• **Directions**
Check each line of the entries below for the string "Golf"; copy every line where it appears.

(Data entries)
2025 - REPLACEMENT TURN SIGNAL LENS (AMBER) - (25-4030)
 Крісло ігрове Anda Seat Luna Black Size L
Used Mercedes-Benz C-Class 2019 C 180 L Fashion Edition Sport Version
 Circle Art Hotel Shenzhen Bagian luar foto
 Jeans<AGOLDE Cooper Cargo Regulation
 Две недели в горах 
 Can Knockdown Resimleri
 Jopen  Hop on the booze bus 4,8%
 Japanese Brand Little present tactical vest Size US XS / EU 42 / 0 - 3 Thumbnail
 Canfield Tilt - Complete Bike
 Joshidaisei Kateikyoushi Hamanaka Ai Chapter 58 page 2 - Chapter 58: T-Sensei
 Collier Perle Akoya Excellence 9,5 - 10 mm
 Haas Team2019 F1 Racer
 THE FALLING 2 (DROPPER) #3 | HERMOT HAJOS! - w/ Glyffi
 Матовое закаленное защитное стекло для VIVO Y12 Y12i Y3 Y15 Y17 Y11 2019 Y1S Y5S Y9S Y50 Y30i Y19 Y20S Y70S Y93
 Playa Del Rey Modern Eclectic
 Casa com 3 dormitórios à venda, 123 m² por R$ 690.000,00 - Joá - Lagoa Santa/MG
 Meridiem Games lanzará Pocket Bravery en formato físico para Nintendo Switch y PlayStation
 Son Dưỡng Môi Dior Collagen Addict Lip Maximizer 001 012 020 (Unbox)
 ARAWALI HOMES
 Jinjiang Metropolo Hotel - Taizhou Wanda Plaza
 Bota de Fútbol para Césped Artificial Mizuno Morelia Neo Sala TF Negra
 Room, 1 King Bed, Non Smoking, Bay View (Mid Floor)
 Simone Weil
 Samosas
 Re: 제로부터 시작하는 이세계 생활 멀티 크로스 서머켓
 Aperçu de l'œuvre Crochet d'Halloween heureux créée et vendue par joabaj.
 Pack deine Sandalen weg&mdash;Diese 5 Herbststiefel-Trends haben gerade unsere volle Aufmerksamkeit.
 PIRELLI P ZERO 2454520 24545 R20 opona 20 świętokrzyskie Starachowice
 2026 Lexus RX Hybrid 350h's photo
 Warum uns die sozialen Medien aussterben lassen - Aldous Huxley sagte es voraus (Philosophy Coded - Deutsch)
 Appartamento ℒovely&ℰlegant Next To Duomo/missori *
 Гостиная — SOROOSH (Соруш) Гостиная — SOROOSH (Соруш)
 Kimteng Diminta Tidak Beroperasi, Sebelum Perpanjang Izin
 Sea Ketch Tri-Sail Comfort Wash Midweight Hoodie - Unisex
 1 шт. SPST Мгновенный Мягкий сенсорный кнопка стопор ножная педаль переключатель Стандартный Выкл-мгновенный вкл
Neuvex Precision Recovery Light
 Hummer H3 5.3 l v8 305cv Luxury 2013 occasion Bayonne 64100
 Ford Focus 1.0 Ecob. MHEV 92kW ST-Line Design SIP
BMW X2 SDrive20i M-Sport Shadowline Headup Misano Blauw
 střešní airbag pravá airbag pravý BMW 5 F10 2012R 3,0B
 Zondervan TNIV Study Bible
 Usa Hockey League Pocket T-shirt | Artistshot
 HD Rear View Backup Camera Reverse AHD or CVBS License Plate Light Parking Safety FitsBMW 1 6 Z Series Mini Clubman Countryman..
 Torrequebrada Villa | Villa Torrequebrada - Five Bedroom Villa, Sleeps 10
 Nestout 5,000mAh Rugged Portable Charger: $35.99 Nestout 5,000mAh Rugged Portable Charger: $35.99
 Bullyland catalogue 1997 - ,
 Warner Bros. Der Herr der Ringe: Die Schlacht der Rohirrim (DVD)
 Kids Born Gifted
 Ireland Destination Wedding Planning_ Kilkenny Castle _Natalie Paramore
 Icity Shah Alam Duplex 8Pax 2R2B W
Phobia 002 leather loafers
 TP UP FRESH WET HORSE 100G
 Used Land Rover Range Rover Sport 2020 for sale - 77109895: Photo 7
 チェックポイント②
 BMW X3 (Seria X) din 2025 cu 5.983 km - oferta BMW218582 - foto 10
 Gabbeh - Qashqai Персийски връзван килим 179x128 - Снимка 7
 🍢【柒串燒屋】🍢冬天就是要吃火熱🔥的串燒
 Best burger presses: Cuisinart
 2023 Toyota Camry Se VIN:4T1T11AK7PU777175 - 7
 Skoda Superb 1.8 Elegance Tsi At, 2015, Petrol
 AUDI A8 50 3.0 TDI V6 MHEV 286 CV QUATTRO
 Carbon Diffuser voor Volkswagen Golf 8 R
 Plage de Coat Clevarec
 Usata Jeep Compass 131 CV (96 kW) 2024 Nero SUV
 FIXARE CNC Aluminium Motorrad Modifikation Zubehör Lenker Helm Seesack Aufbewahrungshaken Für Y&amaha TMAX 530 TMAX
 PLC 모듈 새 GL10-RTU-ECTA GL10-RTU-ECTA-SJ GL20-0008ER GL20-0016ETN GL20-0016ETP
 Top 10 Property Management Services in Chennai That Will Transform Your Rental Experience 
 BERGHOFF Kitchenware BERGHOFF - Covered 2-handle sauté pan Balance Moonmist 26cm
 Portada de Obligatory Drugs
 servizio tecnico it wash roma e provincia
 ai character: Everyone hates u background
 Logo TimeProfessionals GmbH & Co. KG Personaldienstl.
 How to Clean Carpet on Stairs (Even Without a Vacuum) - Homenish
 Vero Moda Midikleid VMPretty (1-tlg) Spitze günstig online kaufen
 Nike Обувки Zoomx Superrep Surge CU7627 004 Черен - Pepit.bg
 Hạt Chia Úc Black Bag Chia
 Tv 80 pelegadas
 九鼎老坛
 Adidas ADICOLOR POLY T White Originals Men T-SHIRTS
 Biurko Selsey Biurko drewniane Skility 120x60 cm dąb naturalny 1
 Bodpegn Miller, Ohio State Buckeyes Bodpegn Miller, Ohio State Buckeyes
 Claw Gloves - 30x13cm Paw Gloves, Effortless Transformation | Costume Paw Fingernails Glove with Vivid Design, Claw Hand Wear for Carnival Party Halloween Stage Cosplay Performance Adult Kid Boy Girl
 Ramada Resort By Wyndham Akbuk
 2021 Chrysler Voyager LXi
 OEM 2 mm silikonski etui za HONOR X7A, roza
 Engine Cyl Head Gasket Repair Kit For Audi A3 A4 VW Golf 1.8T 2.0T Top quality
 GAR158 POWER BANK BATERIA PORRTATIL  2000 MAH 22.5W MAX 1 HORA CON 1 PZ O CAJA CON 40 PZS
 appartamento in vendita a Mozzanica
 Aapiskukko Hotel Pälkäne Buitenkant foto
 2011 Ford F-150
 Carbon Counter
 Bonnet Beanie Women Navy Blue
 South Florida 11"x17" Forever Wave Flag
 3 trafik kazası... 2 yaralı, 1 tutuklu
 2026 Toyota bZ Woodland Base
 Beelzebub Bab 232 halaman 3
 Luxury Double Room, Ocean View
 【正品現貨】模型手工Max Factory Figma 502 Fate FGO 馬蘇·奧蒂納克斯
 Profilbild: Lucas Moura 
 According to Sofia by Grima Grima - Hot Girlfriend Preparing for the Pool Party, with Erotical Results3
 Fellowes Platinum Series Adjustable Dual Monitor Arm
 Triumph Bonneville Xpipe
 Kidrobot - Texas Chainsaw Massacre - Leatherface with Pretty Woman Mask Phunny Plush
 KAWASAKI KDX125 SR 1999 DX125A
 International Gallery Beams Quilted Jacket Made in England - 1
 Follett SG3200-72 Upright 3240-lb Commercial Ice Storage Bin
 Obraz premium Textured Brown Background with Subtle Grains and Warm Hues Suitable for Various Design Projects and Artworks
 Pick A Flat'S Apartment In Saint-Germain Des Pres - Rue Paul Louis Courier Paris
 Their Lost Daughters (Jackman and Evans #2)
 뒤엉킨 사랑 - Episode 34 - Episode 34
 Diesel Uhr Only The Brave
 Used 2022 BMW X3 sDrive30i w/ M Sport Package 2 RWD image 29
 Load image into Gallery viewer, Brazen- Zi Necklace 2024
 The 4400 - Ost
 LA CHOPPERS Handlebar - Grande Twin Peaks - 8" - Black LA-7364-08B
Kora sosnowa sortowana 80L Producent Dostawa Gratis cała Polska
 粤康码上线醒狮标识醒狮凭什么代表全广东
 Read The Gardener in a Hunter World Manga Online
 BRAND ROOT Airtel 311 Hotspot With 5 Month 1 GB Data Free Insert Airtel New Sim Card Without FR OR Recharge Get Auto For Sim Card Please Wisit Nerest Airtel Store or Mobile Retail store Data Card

• **Solution below**
 Carbon Diffuser voor Volkswagen Golf 8 R
 Engine Cyl Head Gasket Repair Kit For Audi A3 A4 VW Golf 1.8T 2.0T Top quality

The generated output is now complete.